- BRIEF -
Please output the section of the listing below that opens with the line containing "FAB Micro interaction" and closes with the line containing "McDonald’s Celebrates Women", exactly and with nothing else.

- DATASET -
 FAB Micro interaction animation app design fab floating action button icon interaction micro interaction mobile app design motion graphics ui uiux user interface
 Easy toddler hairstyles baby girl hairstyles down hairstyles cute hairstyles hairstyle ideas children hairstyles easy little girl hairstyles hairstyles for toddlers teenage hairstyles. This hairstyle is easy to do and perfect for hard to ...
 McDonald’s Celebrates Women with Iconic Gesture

* * *

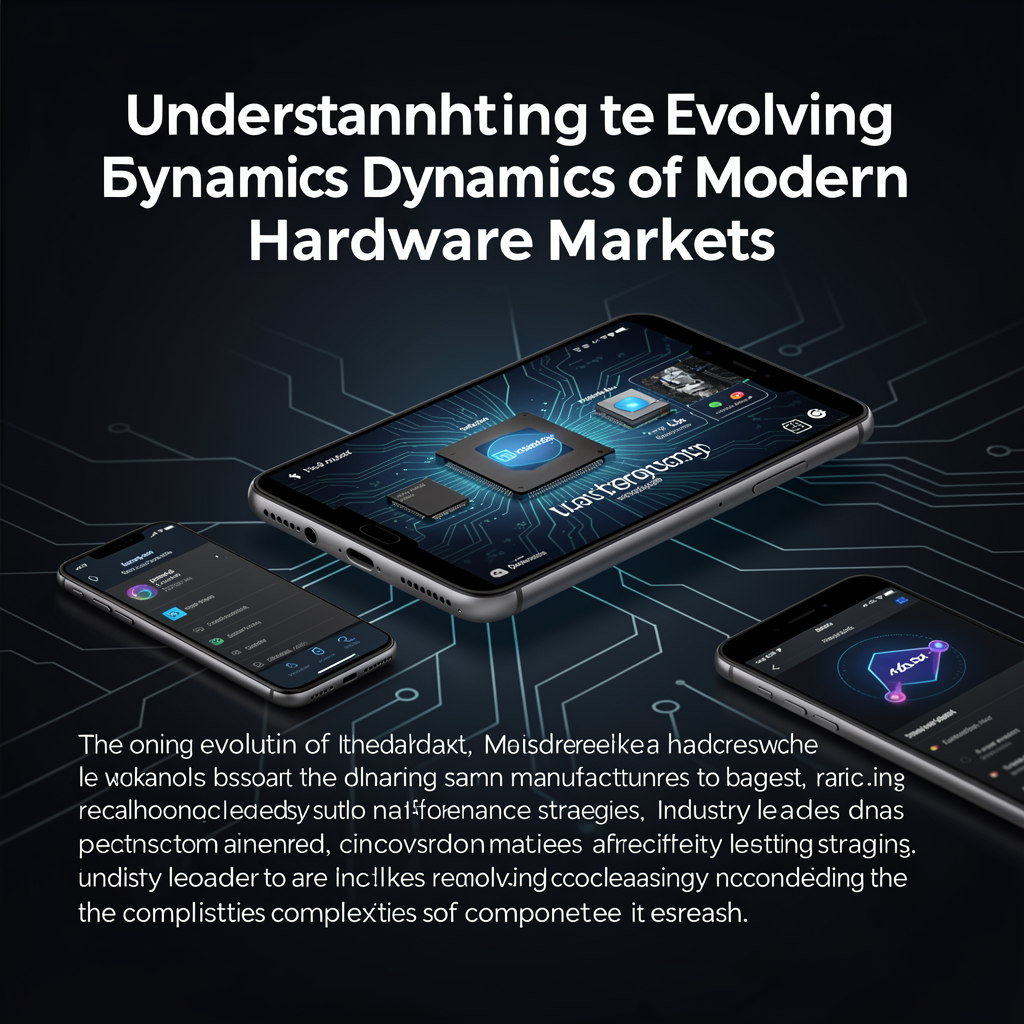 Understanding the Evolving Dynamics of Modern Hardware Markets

- FINISHED TASK -
 FAB Micro interaction animation app design fab floating action button icon interaction micro interaction mobile app design motion graphics ui uiux user interface
 Easy toddler hairstyles baby girl hairstyles down hairstyles cute hairstyles hairstyle ideas children hairstyles easy little girl hairstyles hairstyles for toddlers teenage hairstyles. This hairstyle is easy to do and perfect for hard to ...
 McDonald’s Celebrates Women with Iconic Gesture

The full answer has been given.